Vento umido femminile che porta pioggia e prosperità nutrendo piante di mais e gonfiando d’acqua e di gamberi le lagune della costa oceanica, vento secco maschile che con raffiche a 200 km orari rivolta i Tir che attraversano l’autostrada panamericana, solleva le canoe dei pescatori e la polvere depositata sulle macerie dall’ultimo, terribile, terremoto.
Nell’Istmo di Tehuantepec, i venti animano i racconti mitici degli Ikojts, si trasformano gli antenati in esseri potenti e vitali: bambini prodigiosi, fulmini, santi volano alla velocità delle nubi segnando il paesaggio, costruendo identità. Una mito-logica d’altrove, negli stessi territori, narra di energie infinitamente consumabili, di territori immaginati vuoti, di venti incanalati in reti elettriche per rinverdire con crediti virtuali (“buoni-carbone”) il nero liquido dell’economia fossile, estratto poco più in su, dal fianco destro delle viscere messicane.
Conduco la ricerca nel territorio eterotopico dell’Istmo di Tehuantepec, dove la storia lunga un secolo di estrazione e raffinazione del petrolio (“patrimonio nazionale”) convive ultimamente con la liberalizzazione energetica di stampo green. Leggo questi processi dalla prospettiva locale del pueblo di San Dionisio del Mar, dove una parte della popolazione Ikojts si è opposta con successo al progetto di un ennesimo parco eolico, tra i tanti che negli ultimi vent’anni hanno progressivamente mutato il paesaggio e circondato le lagune.
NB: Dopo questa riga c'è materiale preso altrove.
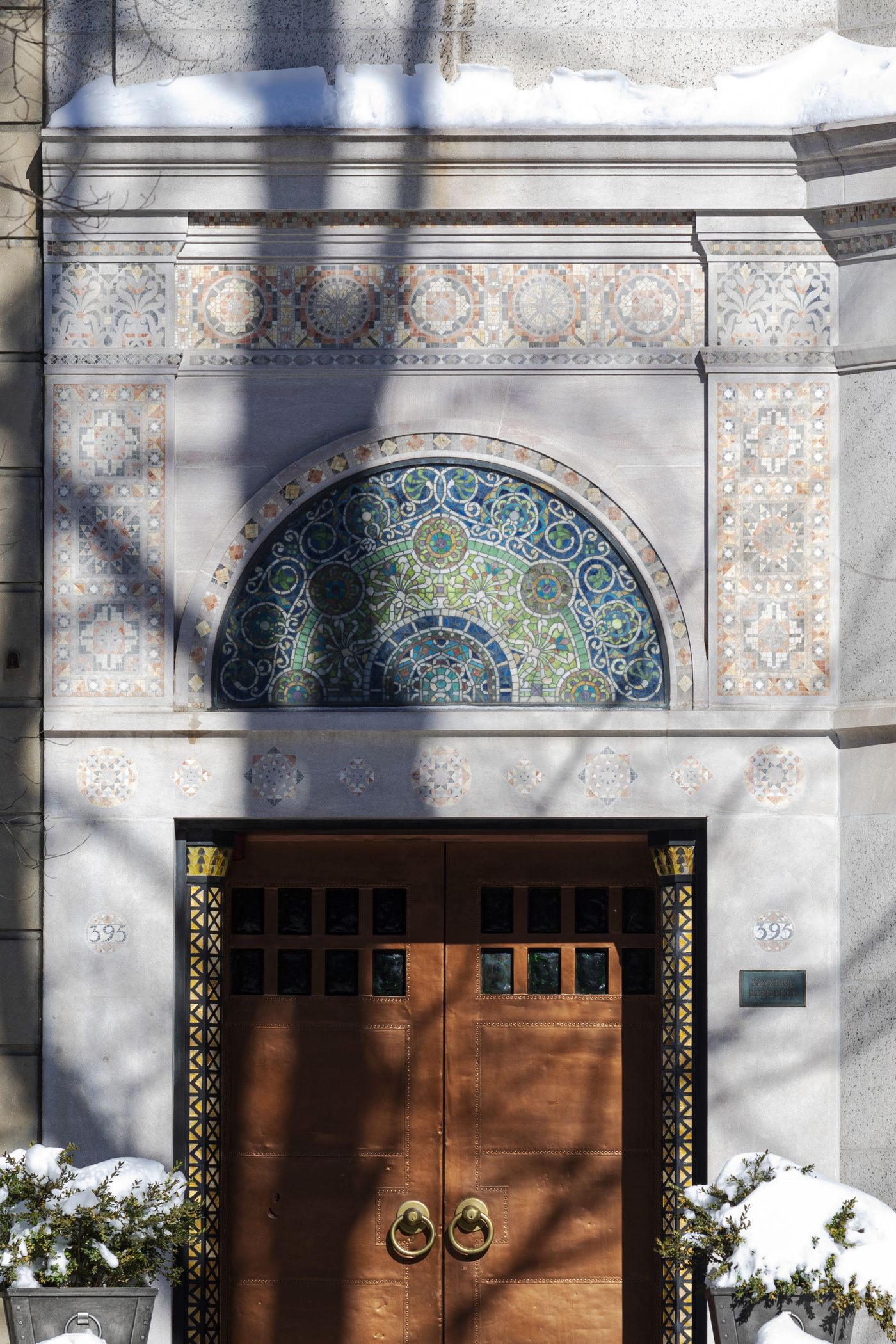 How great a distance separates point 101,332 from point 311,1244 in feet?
12.7

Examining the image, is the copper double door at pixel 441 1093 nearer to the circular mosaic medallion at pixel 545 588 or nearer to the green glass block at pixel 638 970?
the green glass block at pixel 638 970

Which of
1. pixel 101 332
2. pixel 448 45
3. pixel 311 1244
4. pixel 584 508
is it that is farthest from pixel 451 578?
pixel 311 1244

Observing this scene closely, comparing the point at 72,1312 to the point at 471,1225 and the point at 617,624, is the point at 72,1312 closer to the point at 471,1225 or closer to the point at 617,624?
the point at 471,1225

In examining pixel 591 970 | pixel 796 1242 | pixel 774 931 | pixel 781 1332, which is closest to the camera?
pixel 781 1332

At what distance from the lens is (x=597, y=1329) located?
22.9 ft

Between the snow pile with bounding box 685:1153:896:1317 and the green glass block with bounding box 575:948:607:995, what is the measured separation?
4.32ft

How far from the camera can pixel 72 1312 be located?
5.85 meters

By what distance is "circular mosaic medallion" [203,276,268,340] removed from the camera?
7.00 metres

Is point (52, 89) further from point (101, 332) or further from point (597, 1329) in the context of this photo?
point (597, 1329)

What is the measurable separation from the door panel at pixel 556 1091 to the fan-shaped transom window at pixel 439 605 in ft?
2.57

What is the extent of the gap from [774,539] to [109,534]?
2715 millimetres

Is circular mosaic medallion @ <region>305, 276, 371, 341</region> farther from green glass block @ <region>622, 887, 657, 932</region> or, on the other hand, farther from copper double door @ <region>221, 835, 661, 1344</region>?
green glass block @ <region>622, 887, 657, 932</region>

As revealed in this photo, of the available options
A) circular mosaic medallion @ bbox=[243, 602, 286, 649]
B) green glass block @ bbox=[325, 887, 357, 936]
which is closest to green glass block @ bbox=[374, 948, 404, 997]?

I concetti di limite, sostenibilità, valore e finanziarizzazione della natura sono qui utilmente messi alla prova, al fine di comprendere da un lato gli esiti politici, a diversi livelli di scala, prodotti dagli assemblaggi tecnico-ecologici del bio-capitalismo, dall’altro per riflettere su quali siano le strade percorribili per realizzare la convivenza tra le necessità della conversione energetica e gli evidenti fallimenti della stessa osservati sul piano concreto della pratica situata.